We will be made holy. We know that to look upon the face of God once meant we would die—we were so unworthy; so different from God. Now we will look upon the very face of God; we will be clean and holy; God's name will be written upon our foreheads.

This is poetry, of course. We do not know what will happen in the future; we can't. But the poetry echoes in our hearts, doesn't it?  Because we've all been close to feeling like life couldn't be worse, and then it has become worse.

And it echoes in our hearts because we know that for many people, life is unbelievably bad; we do not know how they can bear the pain in which they live. We know that even in a "good" country like Australia there are hundreds of innocent children held in detention; children who are being scarred for life [See here]. I remember asking Mary, here, during a sermon, how long she had been in a refugee camp before making it to Australia. I thought five or six years; that would be bad! She said 17 years!

And most of us live a life a little bit like the summer I spent working on my Uncle's farm in NSW....

There was the constant rumble of a long freight train just beyond the horizon. I kept hearing it, day after day. Except there were no trains; it was thunder grumbling and crawling around the country for weeks before the vicious storms of summer finally broke out. Everyone was slightly on edge; you never knew whether bushfire, tornado, lightning, or flood would plummet out of the sky. In other times and places, you never know when the army, or the terrorists, or a drunken husband will descend upon you.

We live wondering when the sky will fall, or when that slow train coming will finally roll on over us.

We'd like to think we could slowly make the world a better place. The Christian tradition has been pretty much united in its conviction that, yes, we can, but in the end, the sky will need to fall. God will need to act with a decisiveness way beyond anything we can do. It's begun, indeed. Jesus has lived and died and been raised again. Somewhere in that, things have begun to move.

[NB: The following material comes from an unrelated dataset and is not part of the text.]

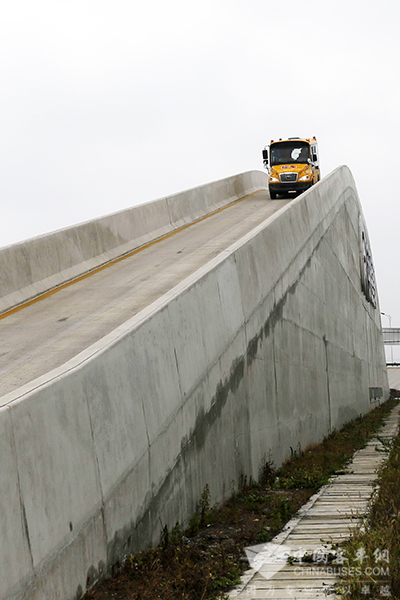 從宇通校車直播看到的行業(yè)現(xiàn)狀和未來(lái)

So what's our part?  What are we meant to be doing until the sky falls?

Listen to a story from Acts, one more day living under God's sky.

13On the Sabbath day we went outside the gate by the river, where we supposed there was a place of prayer; and we sat down and spoke to the women who had gathered there. 14A certain woman named Lydia, a worshipper of God, was listening to us; she was from the city of Thyatira and a dealer in purple cloth. The Lord opened her heart to listen eagerly to what was said by Paul. 15When she and her household were baptized, she urged us, saying, ‘If you have judged me to be faithful to the Lord, come and stay at my home.’ And she prevailed upon us.

A place of prayer outside the city suggests that there were not even enough people at Thyatira to have a synagogue; that only took ten men. Yet these few people gathered and prayed. We only know one of them; a woman called Lydia, who listened and was baptised. She immediately offered Paul and his companions a place to stay.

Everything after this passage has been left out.